Japan sets May deadline to resolve US base dispute

TOKYO — Japan aims to resolve a dispute with the United States over the relocation of an American military base on the southern island of Okinawa by May, the defense minister said Tuesday.

While setting May as the deadline, Defense Minister Toshifumi Kitazawa insisted Tokyo hopes to settle the issue as quickly as possible.

The relocation of the U.S. military base on Okinawa is at the center of a growing dispute between Japan and the United States. Under a 2006 plan, the U.S. base was to be moved to a less crowded part of northern Okinawa.

Washington wants Tokyo to stick to the 2006 agreement and hopes for a resolution on the relocation issue by the end of this year.

But Prime Minister Yukio Hatoyama recently postponed a decision for several more months, stopping short of setting a deadline.

Hatoyama has suggested the relocation site could be changed — perhaps even to a site off Okinawa.

The 2006 relocation plan, made under the previous conservative Japanese government, was aimed at lightening the load on Okinawa, which hosts more than half the 47,000 U.S. troops in Japan under a security pact.

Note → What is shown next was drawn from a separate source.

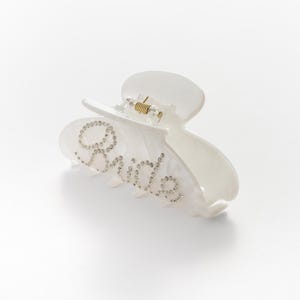 Add a touch of bridal sparkle to your special day with our pearlised diamanté “Bride” claw clip — the perfect accessory for any bride-to-be! Grab your girls and get hen party ready with our simply stunning, on trend, bride claw clip!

Part of the plan involved moving about 8,000 Marines from Okinawa to the U.S. territory of Guam by 2014. But the U.S. military says that plan cannot move forward until Futenma’s replacement facility is finalized.

Hatoyama, whose party came to power after a landslide election in August, has promised that Japan would adopt a less subservient relationship with the United States.

But the premier has stressed that the U.S. security alliance is still the cornerstone of Japan’s diplomacy.